__Problem statement__
Everything from the line that has "Divine. Messy. Human.: A" to the last line of the listing must be repeated exactly, and nothing more; omit the pictures.

Information provided section start

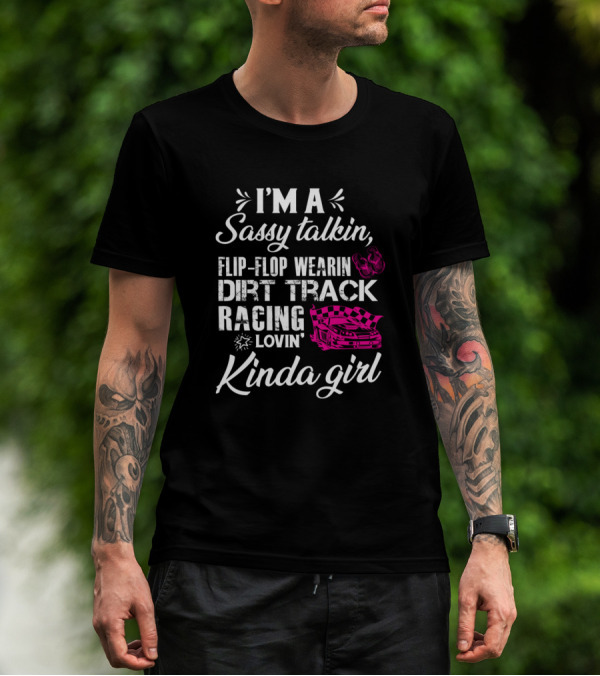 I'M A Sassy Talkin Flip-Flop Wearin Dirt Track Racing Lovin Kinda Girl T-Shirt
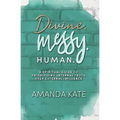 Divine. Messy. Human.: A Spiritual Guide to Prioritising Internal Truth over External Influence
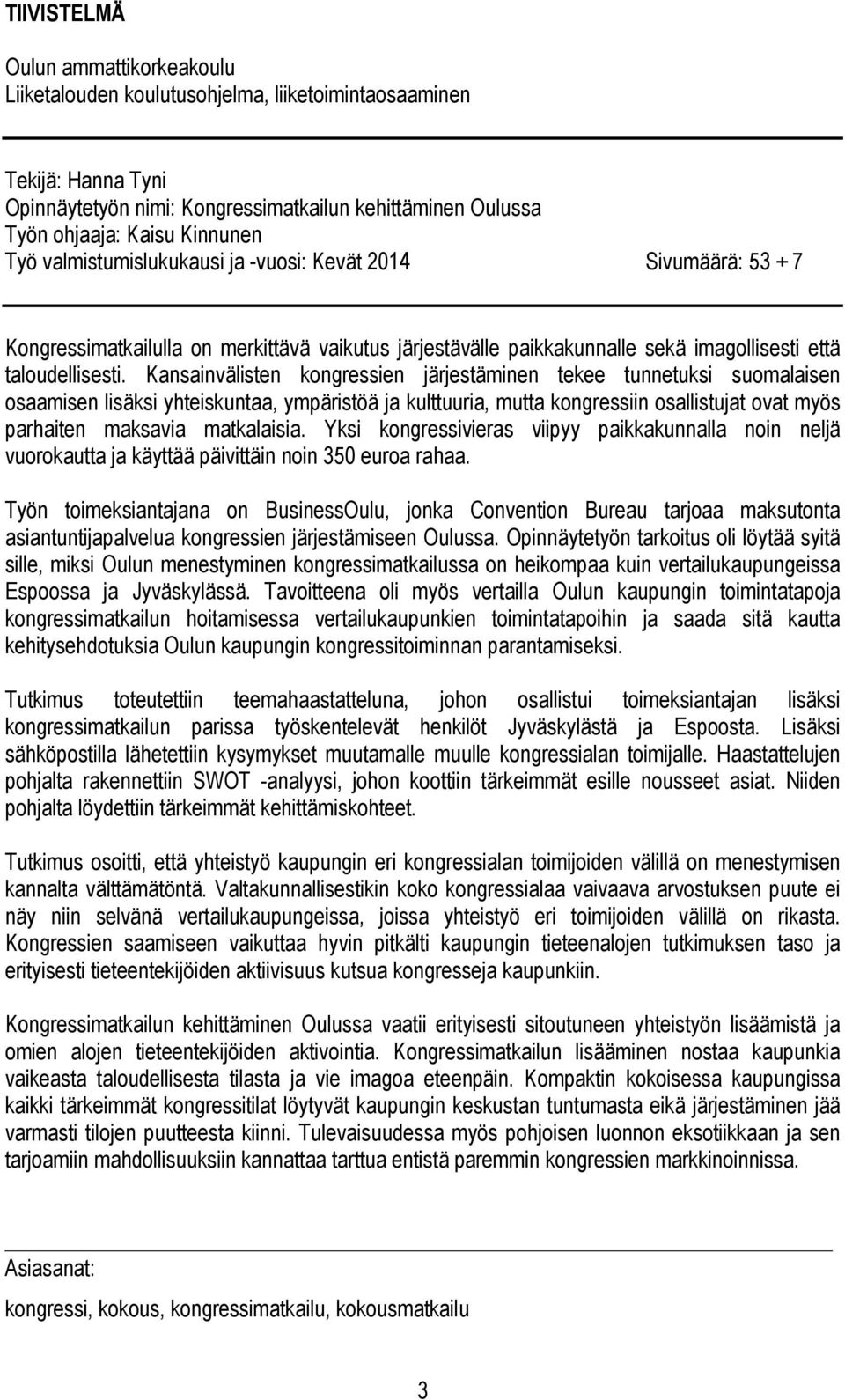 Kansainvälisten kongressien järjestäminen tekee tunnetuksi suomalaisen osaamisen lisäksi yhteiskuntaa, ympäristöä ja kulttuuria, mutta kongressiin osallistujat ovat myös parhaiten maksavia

Information provided section end

__Response to the task__
 Divine. Messy. Human.: A Spiritual Guide to Prioritising Internal Truth over External Influence
 Kansainvälisten kongressien järjestäminen tekee tunnetuksi suomalaisen osaamisen lisäksi yhteiskuntaa, ympäristöä ja kulttuuria, mutta kongressiin osallistujat ovat myös parhaiten maksavia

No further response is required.